Vouch also has a GitHub integration that can check pull requests and auto-close ones from unvouched users and lets maintainers vouch or denounce people by commenting on issues, and a CLI that can be used to check user status, add people to the vouch list, or denounce them.
The FAQ for Vouch also clarifies how the vouching itself would work:
There's no reason for getting vouched to be difficult. The primary thing Vouch prevents is low-effort drive-by contributions. For my projects (even this one), you can get vouched by simply introducing yourself in an issue and describing how you'd like to contribute.
Basically: introduce yourself like any normal human social environment, and you're vouched. If you abuse your privilege in the group, then you'll be denounced.
Ultimately, Vouch does not impose any policy. Policy is up to downstream projects that integrate Vouch.
It also clarifies that someone adept in the skills of manipulation and gaslighting (the technical term is social engineering) won't be able to trick their way into being able to merge a pull request into a repo, as reviewers would have to do that.
Only people with write access to the project can vouch for or denounce contributors. This also means that vouched users can't vouch for others, maintaining a clear hierarchy where maintainers keep full control over who gets access.
AI Slop Begone?
By now, you must already know that the plague of AI slop has reached the shores of open source and maintainers are drowning in it. These AI-generated contributions look okay at first glance, but reviewing and rejecting them takes more time than just writing proper code would have.
Mitchell says this is a recent problem. Before AI tools took off, you actually had to understand code to submit a pull request. That barrier kept out most of the garbage.
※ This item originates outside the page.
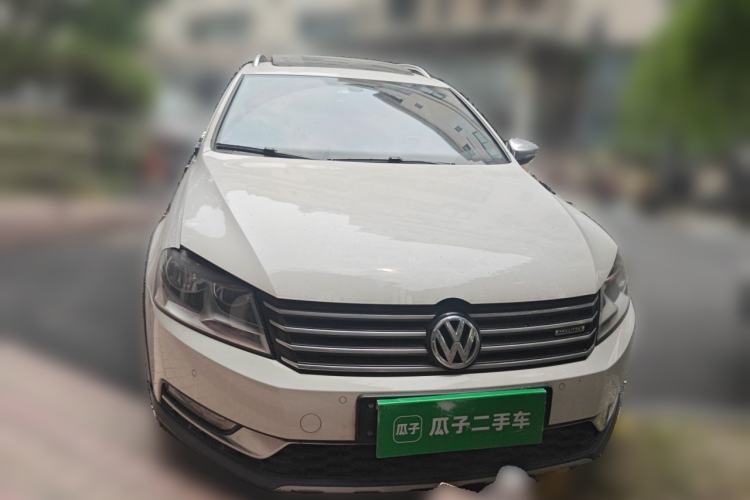 Used Volkswagen Magotan 2012 Travel Edition 2.0 TSI 4x4 Comfort Version Front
Let me give you an example, cURL recently killed its bug bounty program because they got flooded with AI slop. In one week, they got 7 HackerOne reports in just 16 hours.
The maintainers had enough and decided that removing cash rewards was the only way to stop the flood.
Vouch tackles the same issue. Instead of reviewing endless junk submissions, maintainers can just build a list of trusted people and only deal with contributions from them.
Altogether, this is an excellent project.